Problem statement -
Could you retype the records below exactly as they appear, skipping any pictures?

Task material -

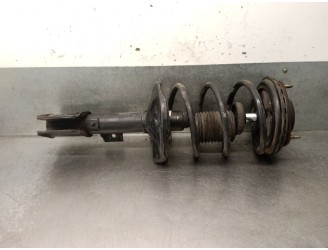 Front left shock absorber for Mitsubishi Space Wagon (N9_W, N8_W) 2.4 GDI (N84W), OEM IAM MR554011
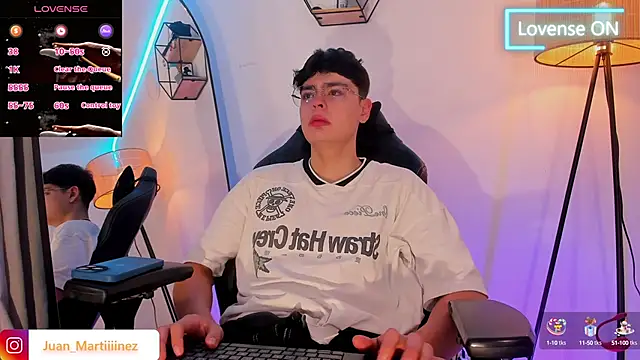 Snapshot of Im_Juaniito chatting on October 5, 2025, 4:14 am Im Juaniito online show from October 5, 2025, 4:14 am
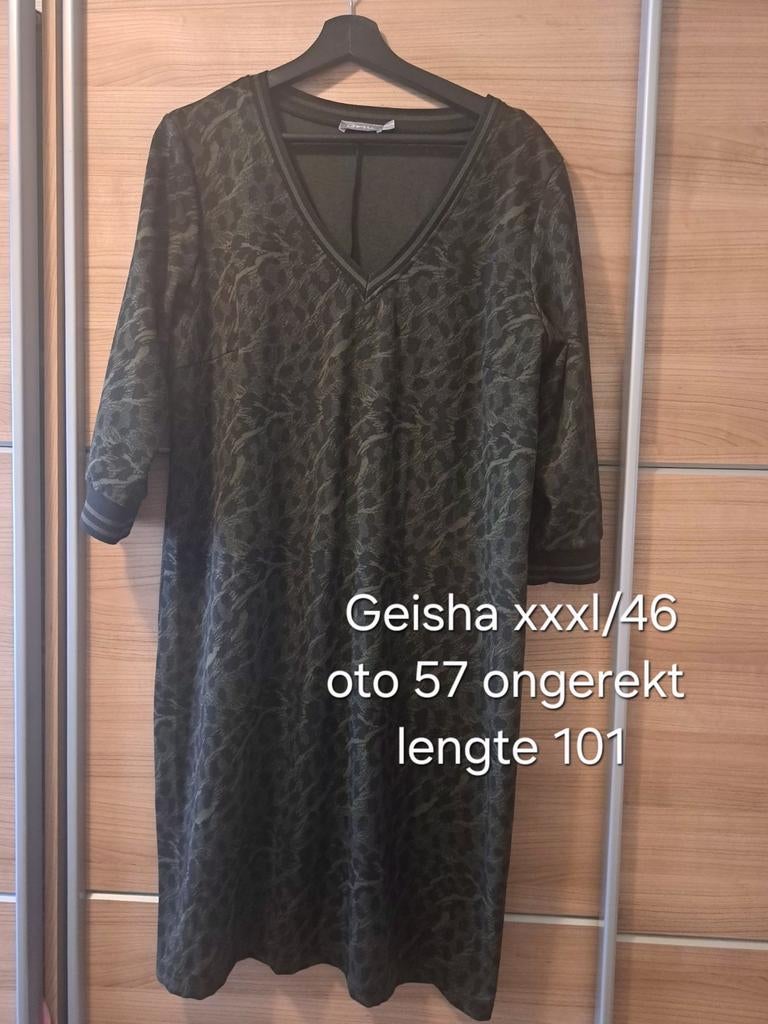 Mooie geisha jurk xxxl panterprint groen, Kleding | Dames, Jurken, Geisha, Maat 46/48 (XL) of groter, Ophalen of Verzenden, Zo goed als nieuw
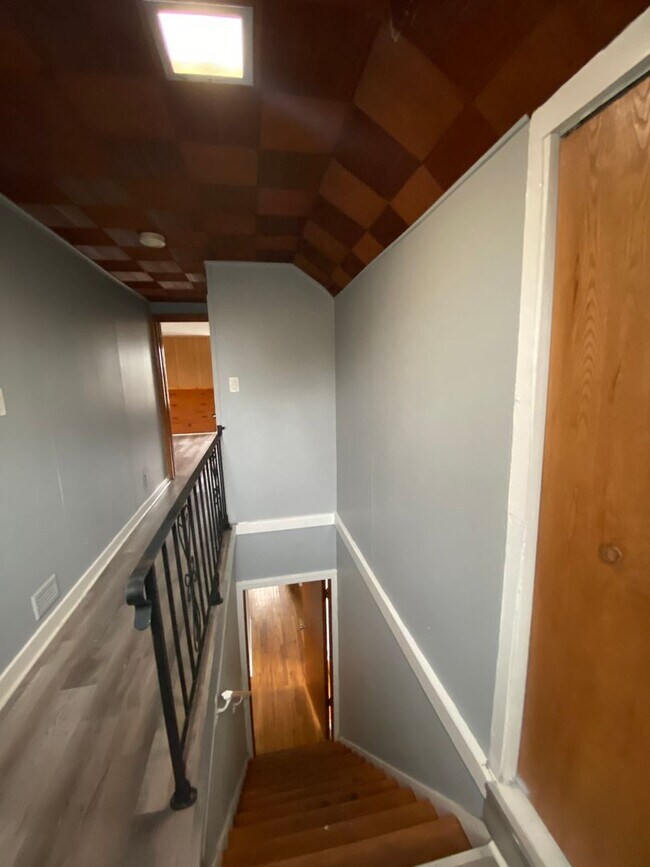 Building Photo - HOUSE FOR RENT IN LANSING !!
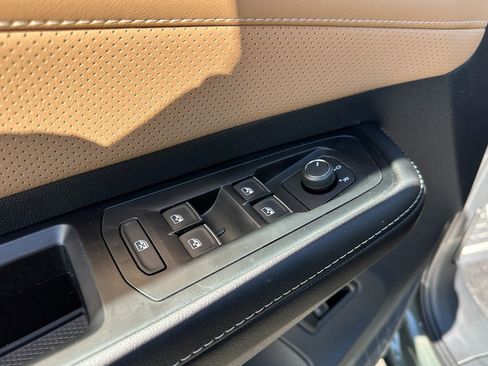 New 2026 Volkswagen Atlas Cross Sport SEL R-Line image 19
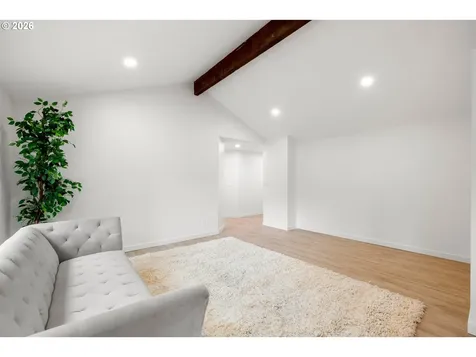 9451 SW Hume Court Tualatin OR 97062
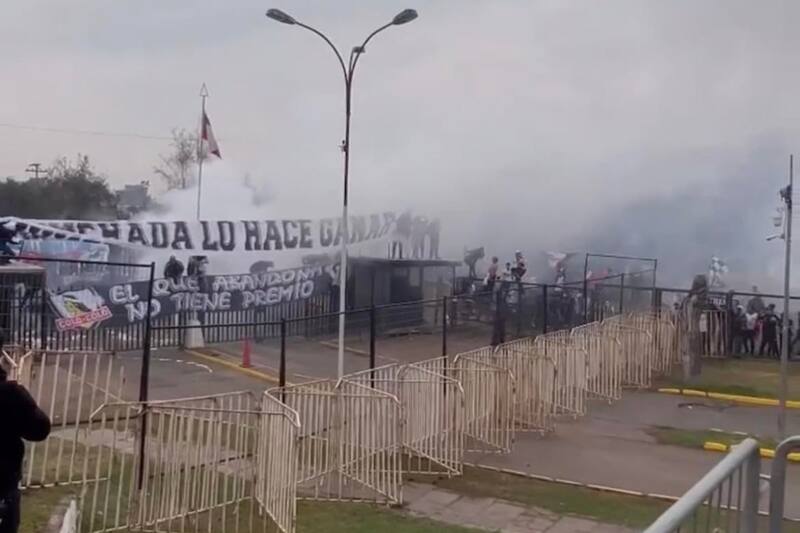 Barristas de Colo Colo invadieron el reducto de Macul en medio del arengazo. (Foto: Captura)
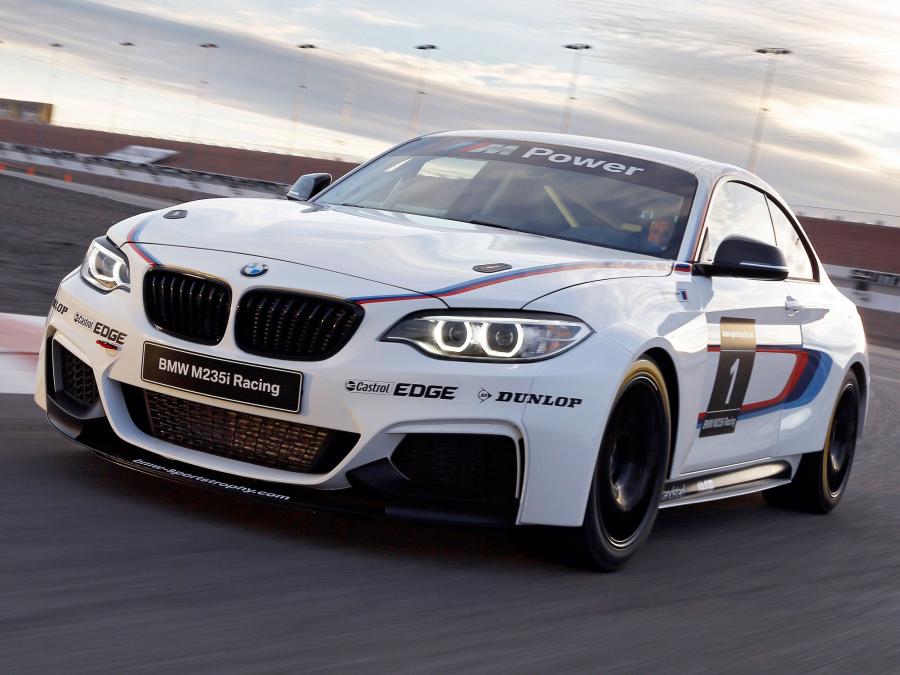  BMW M235i Racing 2014 года  (фото 10 из 26)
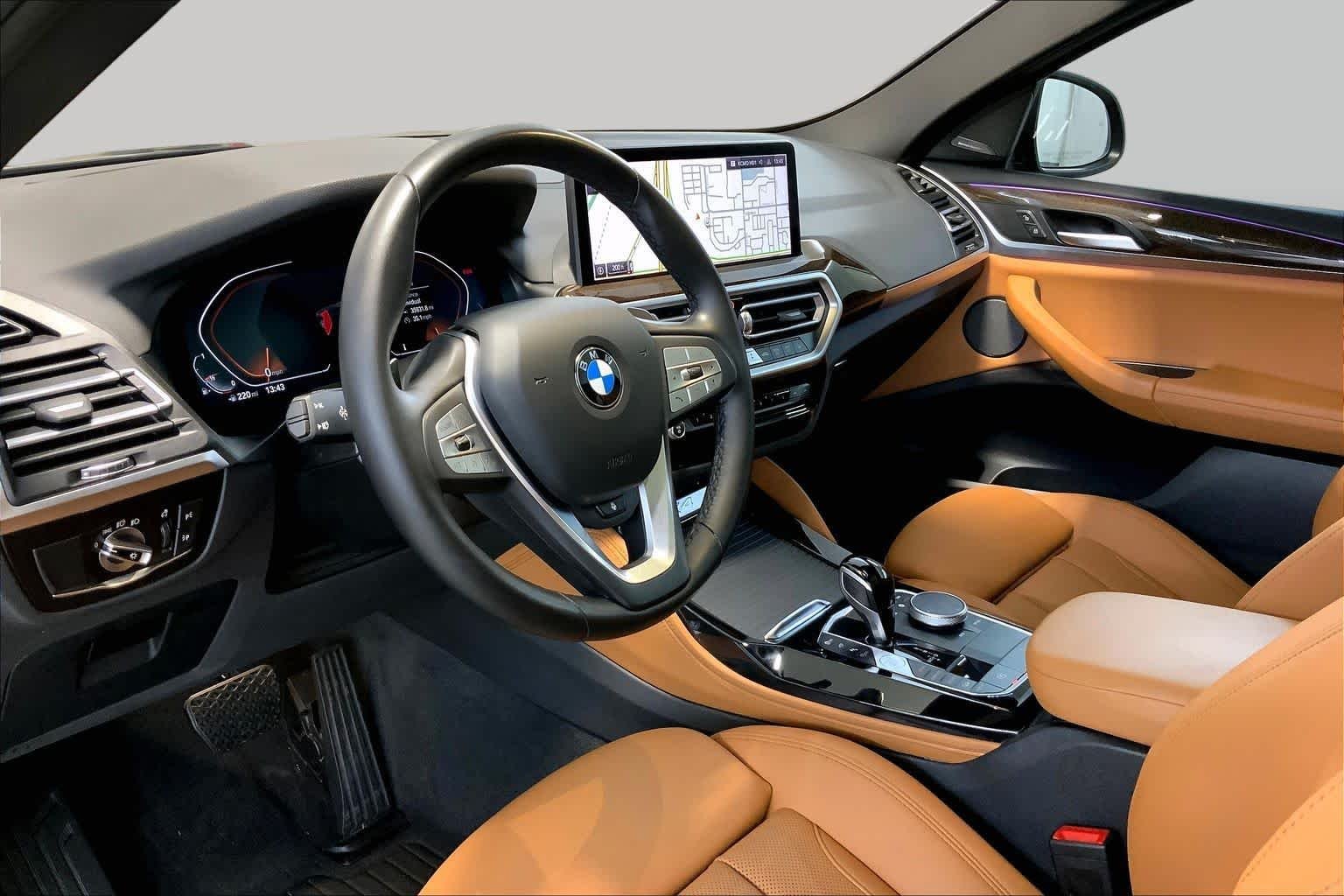 Used 2024 Black Sapphire Metallic BMW xDrive30i image 17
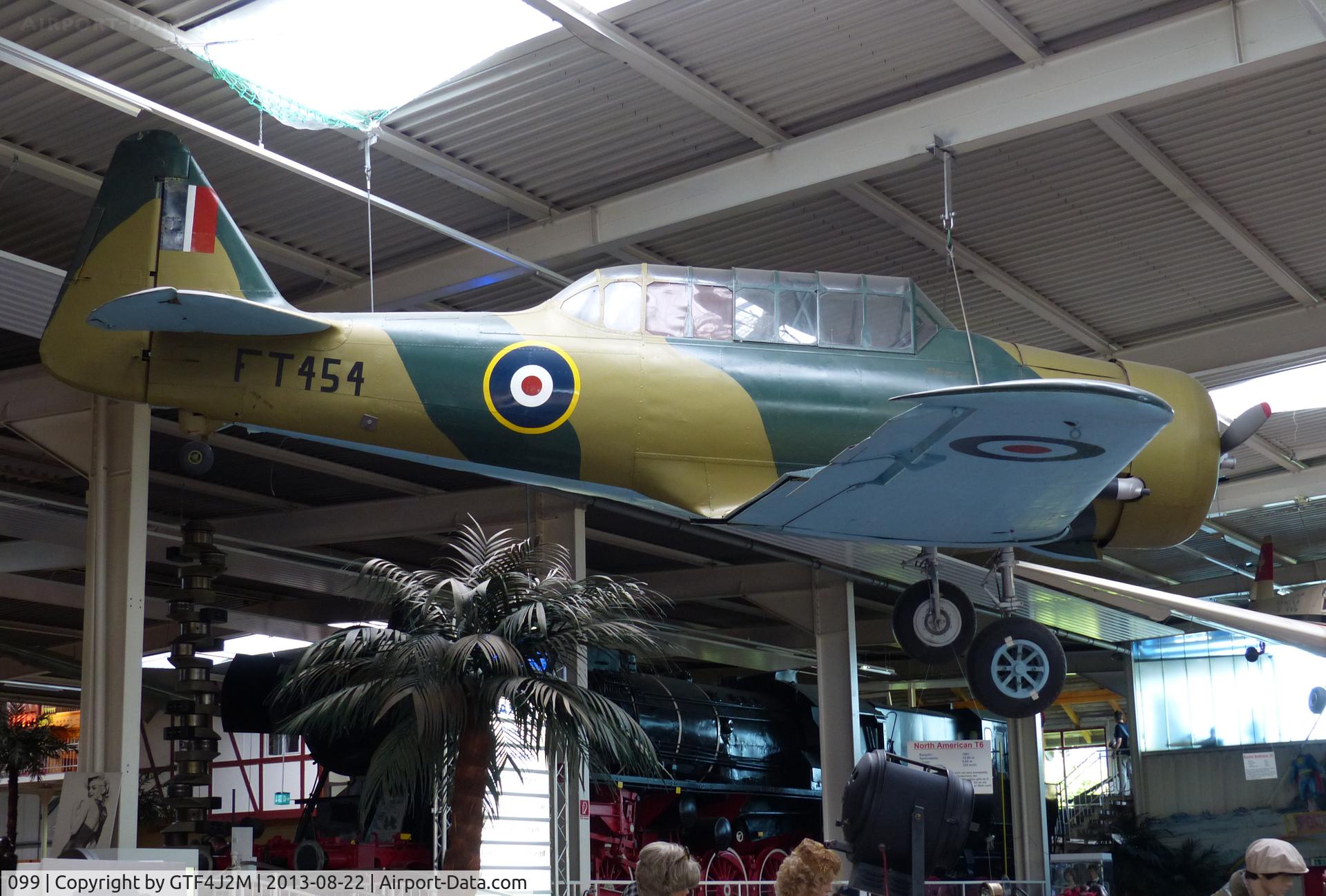 099, 1942 North American AT-16 (UT-6) Harvard IIB C/N 14-555, 099  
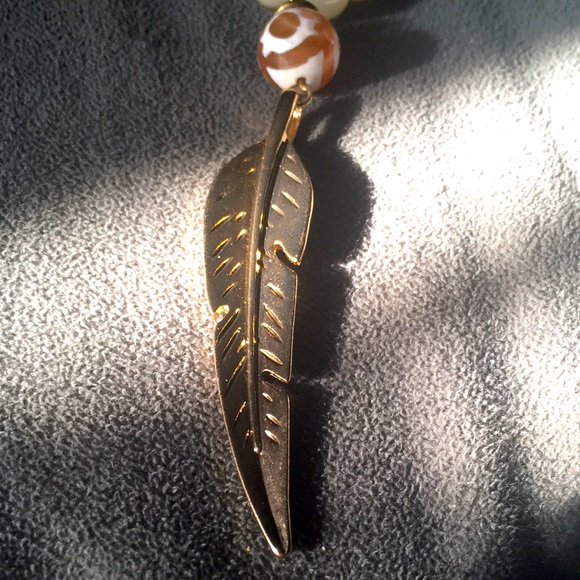 *NOT REAL GOLD* Gold Feather Fancy Beaded Necklace - Picture 2 of 3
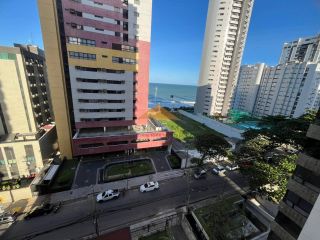Espaçoso apartamento em Boa Viagem,230m,4 quartos,vista mar,2 vagas,10 passos da praia.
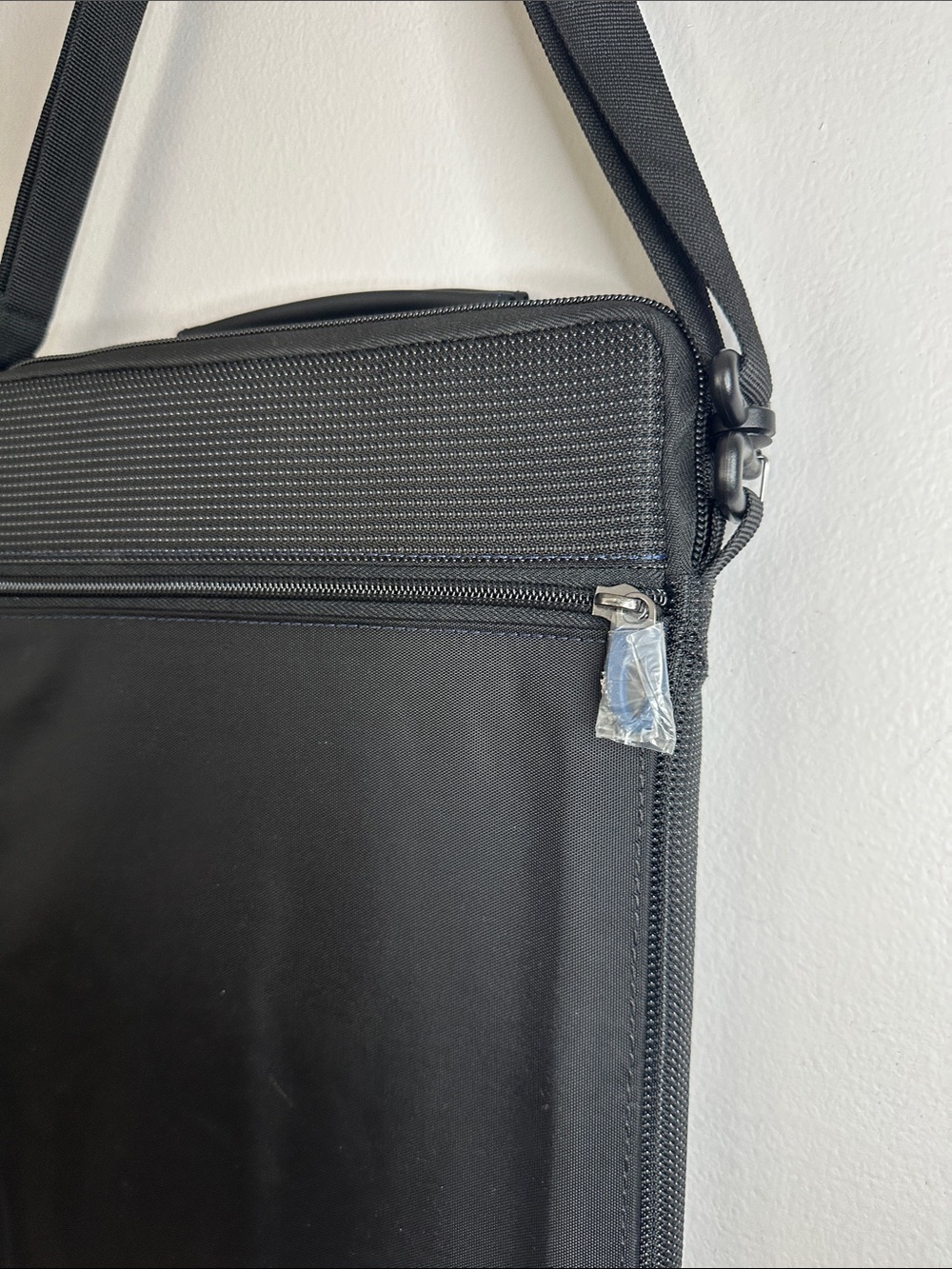 Brenthaven Laptop iPad Tablet Crossbody Shoulder - Picture 2 of 4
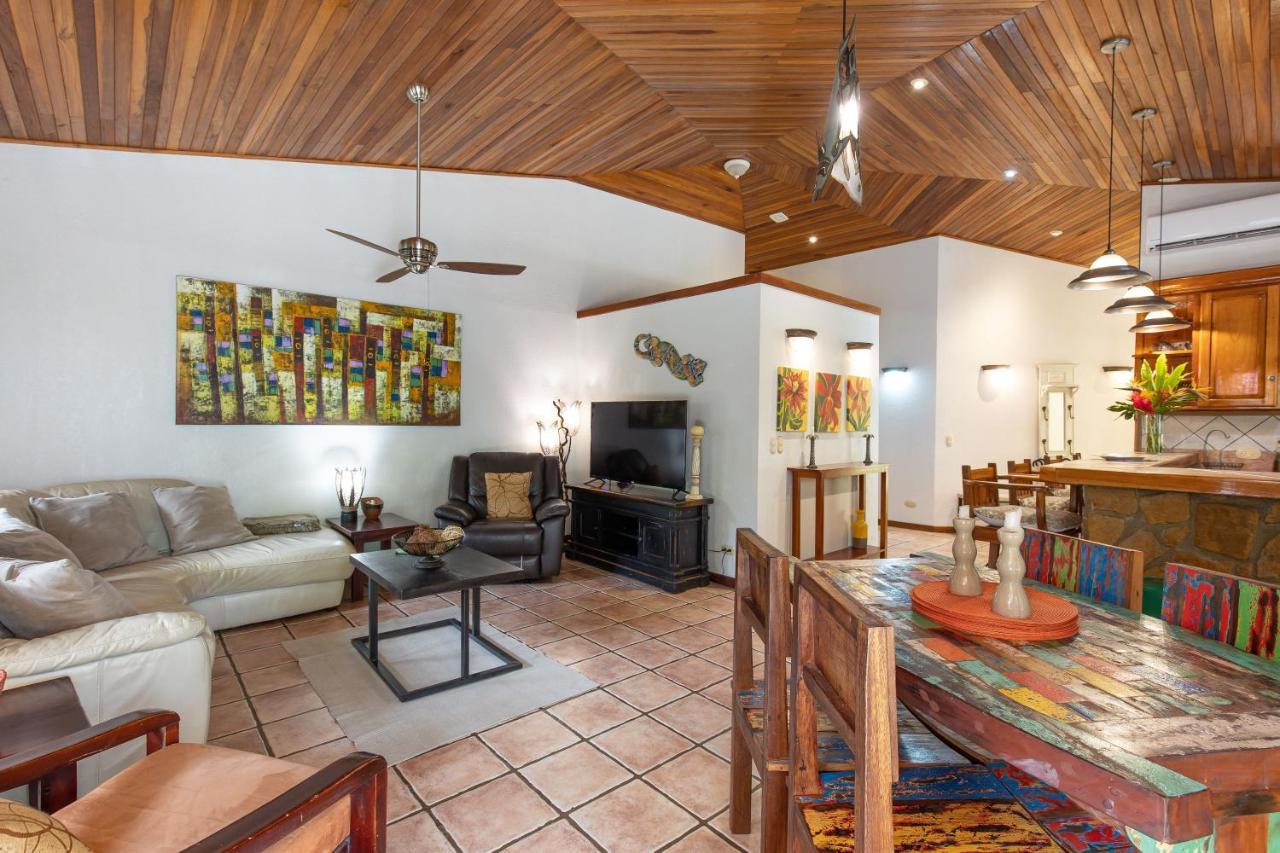 Jungle Creek Aparthotel Manuel Antonio Exterior photo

Exercise output -
 Front left shock absorber for Mitsubishi Space Wagon (N9_W, N8_W) 2.4 GDI (N84W), OEM IAM MR554011
 Snapshot of Im_Juaniito chatting on October 5, 2025, 4:14 am Im Juaniito online show from October 5, 2025, 4:14 am
 Mooie geisha jurk xxxl panterprint groen, Kleding | Dames, Jurken, Geisha, Maat 46/48 (XL) of groter, Ophalen of Verzenden, Zo goed als nieuw
 Building Photo - HOUSE FOR RENT IN LANSING !!
 New 2026 Volkswagen Atlas Cross Sport SEL R-Line image 19
 9451 SW Hume Court Tualatin OR 97062
 Barristas de Colo Colo invadieron el reducto de Macul en medio del arengazo. (Foto: Captura)
  BMW M235i Racing 2014 года  (фото 10 из 26)
 Used 2024 Black Sapphire Metallic BMW xDrive30i image 17
 099, 1942 North American AT-16 (UT-6) Harvard IIB C/N 14-555, 099  
 *NOT REAL GOLD* Gold Feather Fancy Beaded Necklace - Picture 2 of 3
Espaçoso apartamento em Boa Viagem,230m,4 quartos,vista mar,2 vagas,10 passos da praia.
 Brenthaven Laptop iPad Tablet Crossbody Shoulder - Picture 2 of 4
 Jungle Creek Aparthotel Manuel Antonio Exterior photo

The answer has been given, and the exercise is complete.